I wasn’t sure. It reminded me of something. I couldn’t remember what, but it wasn’t unpleasant, and, surprisingly, a small smile crept across my face. I nodded, and felt him take my hand. “Follow me,” he said. I stumbled over the blanket at my feet, and wandered with him. He sat me down on the bed, and sat gently next to me.
“Can I have my blanket?” I asked, “I’m getting really cold.”
“Just a little longer,” he replied, tracing a finger around my chest. “I always loved it when you took your shirt off.”
My muscles tensed. Things began to click. Thoughts began to fly. Everything began to make sense: that voice, the intimacy, the whispering in the ear, the thing that, until that moment, had kept me calm. Tears welled up inexplicably, saturating the silk over my eyes.

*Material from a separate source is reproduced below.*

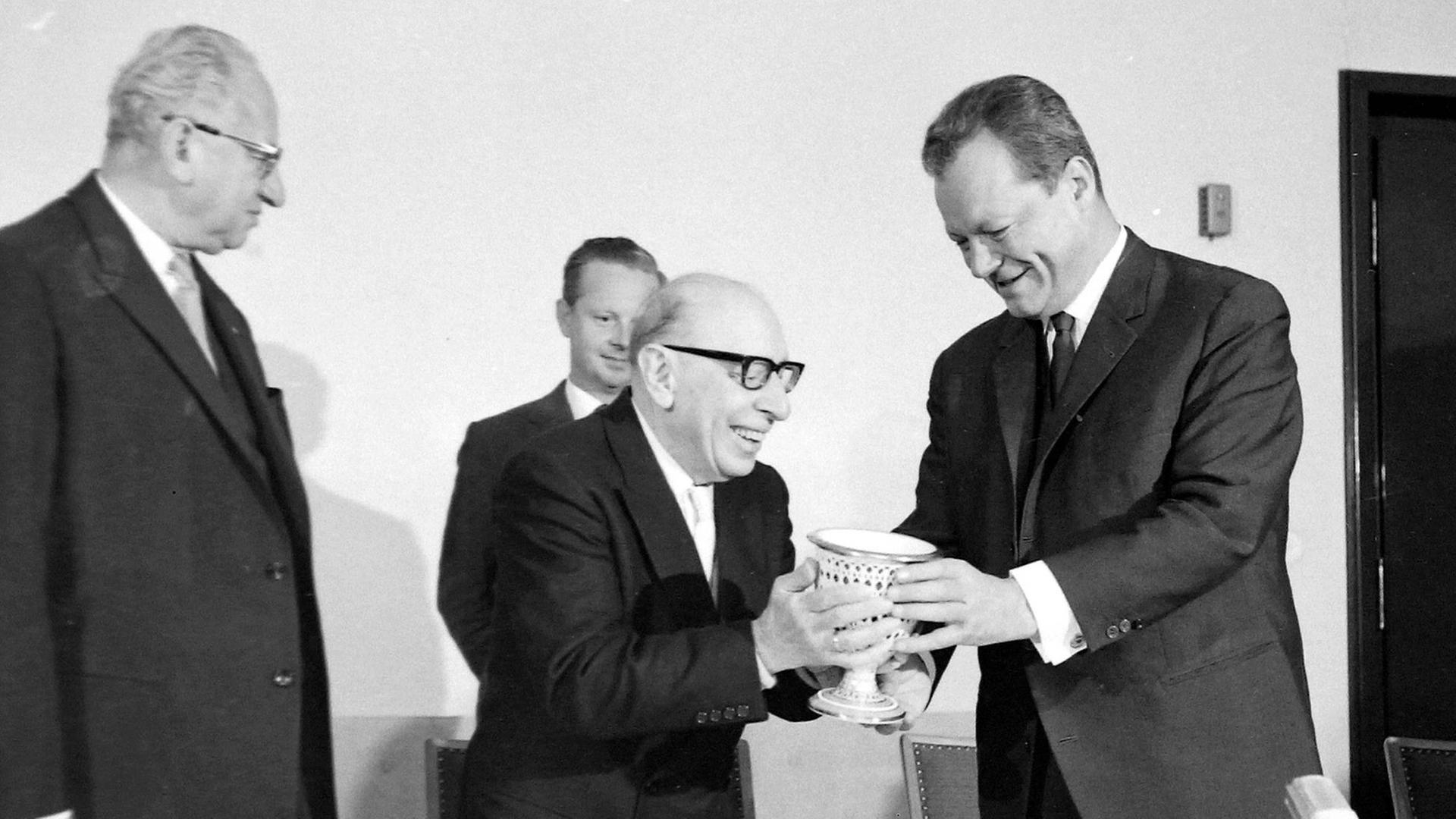 Zuhause in der Welt: Igor Strawinsky (Mitte) 1964 in Berlin, rechts neben ihm der damalige Regierende Bürgermeister Willy Brandt Zuhause in der Welt: Igor Strawinsky (Mitte) 1964 in Berlin, rechts neben ihm der damalige Regierende Bürgermeister Willy Brandt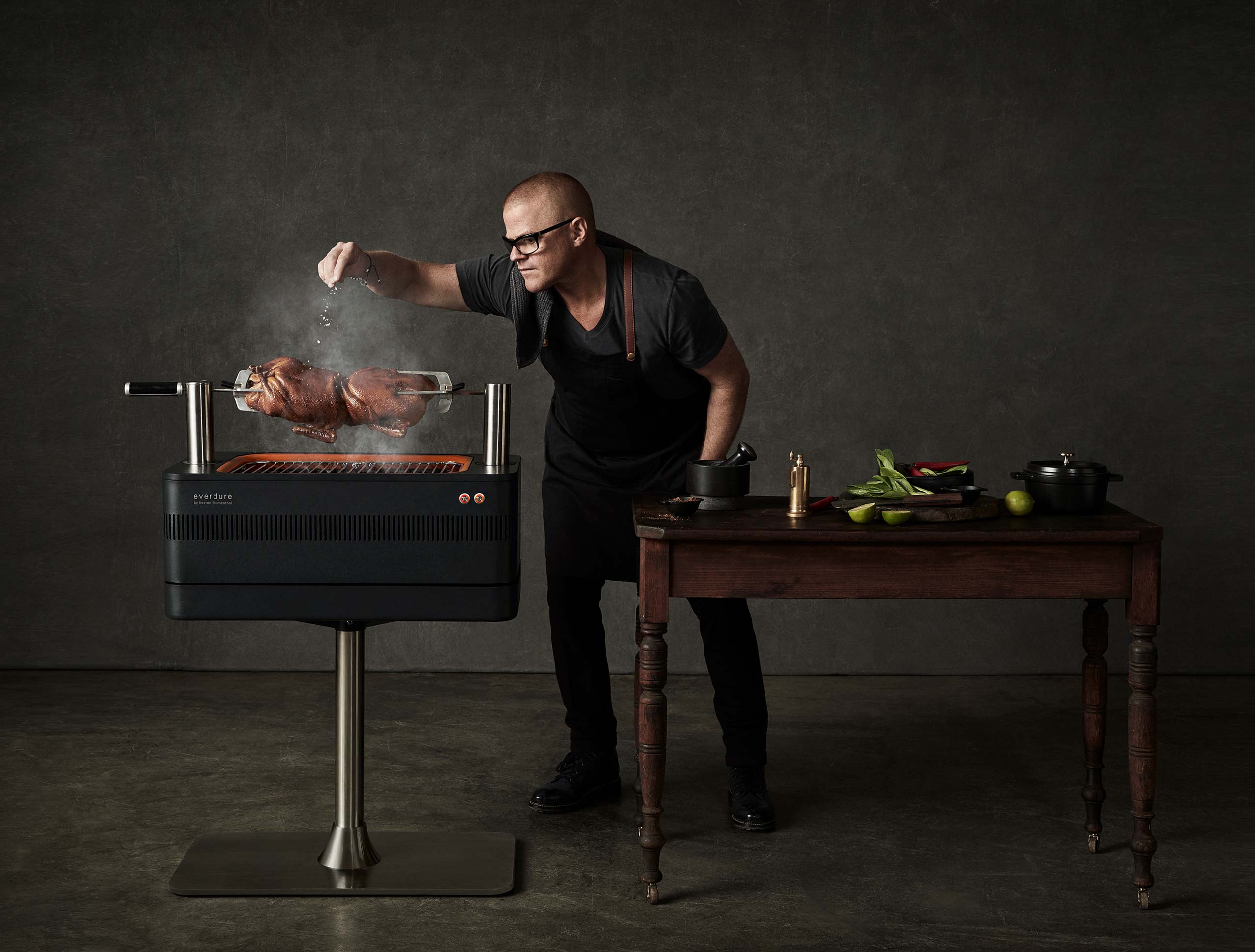 2026 Holzkohlegrill mit elektrischer Zündung – 1400W Fast Flame Ignition™ – Inklusive Drehspieß (15 kg) und Standfuß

“Ben,” I said, hoping it was him, and at the same time praying it wasn’t.
Silence again; a more painful silence, the kind that awkwardly verifies the truth. I shivered again, maybe from the cold, more from the fact that he was here again, that I had been in his arms, that, for a moment, we were what we had been. He got up off the bed and began pacing. I hadn’t removed the blindfold, but there was always this feeling of agitation in the air when he did.
“I never meant to leave you,” he said. His voice was low; it was breaking as thought he was trying to hold back sobs.
“Then why—“
“I don’t know,” he said. “I don’t know what happened. I didn’t want it to happen. Life was good. I was happy. I had you…”
They were the words I had always wanted to hear. They were the answers to the questions I had asked myself, over and over, every day after he had left. But this was wrong. How could he have been there? Why was he saying these things now, now that it was over? I had to see him. I had to look at him, to understand what was happening. The only way I ever really understood him was through his eyes.
I reached for the blindfold, but felt his hand keep mine away. The chill was severe. A feeling like frost swept over my body, and I tried to pull away, but his grip was firm.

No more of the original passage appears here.